(Stored items from a collection)
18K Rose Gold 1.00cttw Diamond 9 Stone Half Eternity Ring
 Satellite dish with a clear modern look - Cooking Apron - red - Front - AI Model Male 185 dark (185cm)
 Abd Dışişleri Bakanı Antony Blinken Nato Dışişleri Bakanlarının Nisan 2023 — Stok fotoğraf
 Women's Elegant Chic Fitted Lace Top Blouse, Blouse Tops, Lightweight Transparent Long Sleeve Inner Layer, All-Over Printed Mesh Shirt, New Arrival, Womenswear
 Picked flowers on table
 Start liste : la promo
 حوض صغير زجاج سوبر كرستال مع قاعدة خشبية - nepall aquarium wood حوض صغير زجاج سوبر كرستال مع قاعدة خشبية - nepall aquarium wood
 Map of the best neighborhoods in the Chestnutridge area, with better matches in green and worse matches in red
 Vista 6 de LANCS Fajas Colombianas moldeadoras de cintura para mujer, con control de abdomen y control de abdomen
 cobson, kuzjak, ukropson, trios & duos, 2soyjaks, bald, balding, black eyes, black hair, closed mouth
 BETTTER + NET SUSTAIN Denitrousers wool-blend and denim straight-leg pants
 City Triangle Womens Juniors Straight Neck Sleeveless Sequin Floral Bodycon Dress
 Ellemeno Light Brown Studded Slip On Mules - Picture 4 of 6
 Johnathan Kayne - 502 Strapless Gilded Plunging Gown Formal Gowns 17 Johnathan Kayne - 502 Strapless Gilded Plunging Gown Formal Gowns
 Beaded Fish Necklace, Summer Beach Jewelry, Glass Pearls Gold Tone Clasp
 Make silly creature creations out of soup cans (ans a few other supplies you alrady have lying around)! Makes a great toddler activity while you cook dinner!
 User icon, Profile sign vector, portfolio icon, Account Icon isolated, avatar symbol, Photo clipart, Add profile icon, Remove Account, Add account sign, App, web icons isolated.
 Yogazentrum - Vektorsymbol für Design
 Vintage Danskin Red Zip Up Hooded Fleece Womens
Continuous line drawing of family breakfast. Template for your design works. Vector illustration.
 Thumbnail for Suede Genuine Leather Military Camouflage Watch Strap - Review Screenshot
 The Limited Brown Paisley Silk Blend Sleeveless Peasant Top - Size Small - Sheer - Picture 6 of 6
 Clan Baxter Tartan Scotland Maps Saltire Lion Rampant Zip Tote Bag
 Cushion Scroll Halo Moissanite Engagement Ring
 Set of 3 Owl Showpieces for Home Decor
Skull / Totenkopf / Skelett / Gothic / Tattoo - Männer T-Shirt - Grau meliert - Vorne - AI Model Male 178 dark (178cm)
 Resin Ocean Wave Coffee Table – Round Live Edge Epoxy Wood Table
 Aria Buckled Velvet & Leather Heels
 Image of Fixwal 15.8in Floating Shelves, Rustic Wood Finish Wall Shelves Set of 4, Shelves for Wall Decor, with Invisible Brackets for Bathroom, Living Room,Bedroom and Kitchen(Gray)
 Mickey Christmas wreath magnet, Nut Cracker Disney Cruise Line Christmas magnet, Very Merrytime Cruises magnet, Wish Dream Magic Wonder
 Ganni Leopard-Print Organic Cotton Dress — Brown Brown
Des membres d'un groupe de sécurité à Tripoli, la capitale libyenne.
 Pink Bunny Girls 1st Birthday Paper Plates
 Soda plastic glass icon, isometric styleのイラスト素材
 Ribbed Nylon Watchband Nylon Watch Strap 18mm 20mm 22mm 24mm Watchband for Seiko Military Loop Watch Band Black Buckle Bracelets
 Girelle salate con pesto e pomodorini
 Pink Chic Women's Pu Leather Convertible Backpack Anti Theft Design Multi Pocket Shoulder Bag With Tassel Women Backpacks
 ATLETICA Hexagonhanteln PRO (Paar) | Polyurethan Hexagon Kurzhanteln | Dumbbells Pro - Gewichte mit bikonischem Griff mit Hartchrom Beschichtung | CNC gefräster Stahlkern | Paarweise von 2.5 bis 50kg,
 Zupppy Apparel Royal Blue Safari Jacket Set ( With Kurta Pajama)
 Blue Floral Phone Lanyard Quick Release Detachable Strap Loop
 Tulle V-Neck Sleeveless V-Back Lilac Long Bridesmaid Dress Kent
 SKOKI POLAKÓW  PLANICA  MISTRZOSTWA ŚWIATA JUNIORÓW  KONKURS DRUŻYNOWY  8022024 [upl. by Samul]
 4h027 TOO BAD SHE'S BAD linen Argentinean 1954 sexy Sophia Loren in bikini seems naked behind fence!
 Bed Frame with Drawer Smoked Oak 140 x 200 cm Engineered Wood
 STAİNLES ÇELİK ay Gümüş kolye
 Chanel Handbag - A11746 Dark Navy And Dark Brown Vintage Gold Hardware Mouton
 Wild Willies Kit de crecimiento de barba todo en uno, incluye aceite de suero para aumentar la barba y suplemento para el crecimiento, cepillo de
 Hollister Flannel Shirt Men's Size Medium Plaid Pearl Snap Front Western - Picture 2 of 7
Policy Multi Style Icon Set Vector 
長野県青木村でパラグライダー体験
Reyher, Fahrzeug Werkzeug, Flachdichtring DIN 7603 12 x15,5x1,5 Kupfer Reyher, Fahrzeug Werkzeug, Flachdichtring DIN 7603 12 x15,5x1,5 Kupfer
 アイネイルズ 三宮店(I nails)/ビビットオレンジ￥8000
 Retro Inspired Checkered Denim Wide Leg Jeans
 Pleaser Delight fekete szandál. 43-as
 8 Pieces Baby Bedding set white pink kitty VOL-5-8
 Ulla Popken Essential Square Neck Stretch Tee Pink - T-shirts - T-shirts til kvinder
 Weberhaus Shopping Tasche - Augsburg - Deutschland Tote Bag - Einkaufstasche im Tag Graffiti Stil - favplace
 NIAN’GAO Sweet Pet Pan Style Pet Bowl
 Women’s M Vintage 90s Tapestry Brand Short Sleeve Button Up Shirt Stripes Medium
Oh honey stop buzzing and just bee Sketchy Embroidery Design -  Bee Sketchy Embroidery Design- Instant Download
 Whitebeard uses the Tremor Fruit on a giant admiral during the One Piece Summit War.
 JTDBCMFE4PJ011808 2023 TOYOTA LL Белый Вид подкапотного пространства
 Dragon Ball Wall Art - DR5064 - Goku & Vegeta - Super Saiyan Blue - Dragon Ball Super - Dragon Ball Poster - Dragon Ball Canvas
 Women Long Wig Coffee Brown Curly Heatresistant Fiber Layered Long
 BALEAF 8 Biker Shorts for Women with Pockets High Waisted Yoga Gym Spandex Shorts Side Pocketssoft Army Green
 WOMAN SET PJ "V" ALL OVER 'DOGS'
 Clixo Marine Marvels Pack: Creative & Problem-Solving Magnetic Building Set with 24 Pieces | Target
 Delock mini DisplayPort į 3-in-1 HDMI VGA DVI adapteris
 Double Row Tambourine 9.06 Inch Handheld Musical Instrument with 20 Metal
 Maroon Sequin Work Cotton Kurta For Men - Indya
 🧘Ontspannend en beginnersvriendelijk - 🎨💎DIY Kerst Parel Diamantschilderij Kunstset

Task goal: Find the string "Wall" in the lines above and count those lines. Give only that count.

Response area: 2